I had two conversations about class today and yesterday, one with a fellow PhD candidate in the Rhetoric & Composition program here, and the other with Charlie, who’s on my committee, and gleaned some small and useful insights from those conversations.
First: in composition (and in many other places as well; the Raymond Williams I so frequently invoke is certainly an example), there exists a genre of the social mobility narrative; the story of the professor from the working-class background. Victor Villanueva and Mike Rose offer perhaps the foremost examples, but there are plenty of others, and in fact one of the things I’m trying to work against is the use of the authenticity of lived experience as the class marker that trumps all others. My small insight, though: within the context of composition’s engagement with identity politics (our assumptions that race, gender, age, class, sexual preference, and other markers of identity influence the teaching and learning of writing), the narrative of the academic’s transition from the working class to the professional class is always going to be a narrative of isolation and betrayal, because the academic can no longer claim working-class status. She can’t go home again. Other identity-politics narratives of entrance into the academy are not so bound by definitions: the queer professor is not made un-queer by becoming a professor.

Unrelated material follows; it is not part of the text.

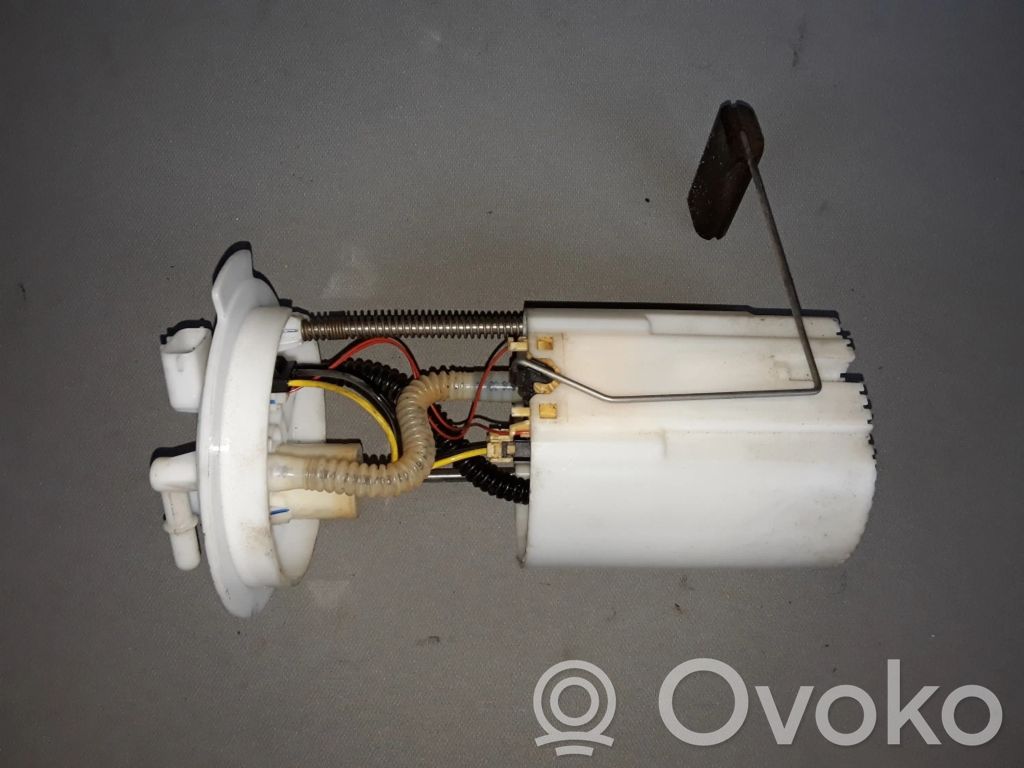 Nissan Note (E12) Bomba interna de combustible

Second: Charlie observed that the view of technology in composition’s subfield of computers and composition has changed from an understanding of technology-as-efficiency to an understanding of technology-as-equalizer. Early theorists in computers and composition believed that word processing would make writing easier, that computers would help students to write better papers in less time. The enthusiasm for this view waned, and writing teachers began to focus more of their hopes on technology as furthering egalitarian ends, on computers as the tool that might help to remedy social inequalities in the classroom. We’ve moved from asking “How can computers make writing more efficient?” to asking “How can computers make writing more egalitarian?” In this same conversation, Charlie also again suggested that I need to consider whether I’m going to use my dissertation to ask, “How does class affect what students do in the wired writing classroom?” or to ask, “What do compositionists say about how class affects what students do in the wired writing classroom?” In other words, am I doing a literature study or classroom research? A possible answer: I think both efficiency and equity are concerns associated with class; the former with the relationships of production, and the latter with relationships of privilege. And yet nobody in computers and composition ever talks about class. My research question, then, might be: how does the specter of class mobility hide behind and/or inform the discourse of computers and composition? How and why are people in the field avoiding explicit discussions of the very real ways in which concerns of class intersect with our ideals of efficiency and equality?